(SUPPLIED DATA)
**********

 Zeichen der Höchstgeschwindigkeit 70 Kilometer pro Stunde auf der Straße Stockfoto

**********

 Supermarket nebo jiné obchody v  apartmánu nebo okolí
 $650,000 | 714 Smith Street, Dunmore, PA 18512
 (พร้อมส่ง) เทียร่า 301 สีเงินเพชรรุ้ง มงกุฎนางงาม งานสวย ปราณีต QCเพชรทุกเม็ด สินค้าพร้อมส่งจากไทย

**********

In the data above, find the line that contains "Dunmore, PA 18512" and the line that contains "(พร้อมส่ง) เทียร่า 301". Repeat exactly those lines and every line between them, and only those.

 $650,000 | 714 Smith Street, Dunmore, PA 18512
 (พร้อมส่ง) เทียร่า 301 สีเงินเพชรรุ้ง มงกุฎนางงาม งานสวย ปราณีต QCเพชรทุกเม็ด สินค้าพร้อมส่งจากไทย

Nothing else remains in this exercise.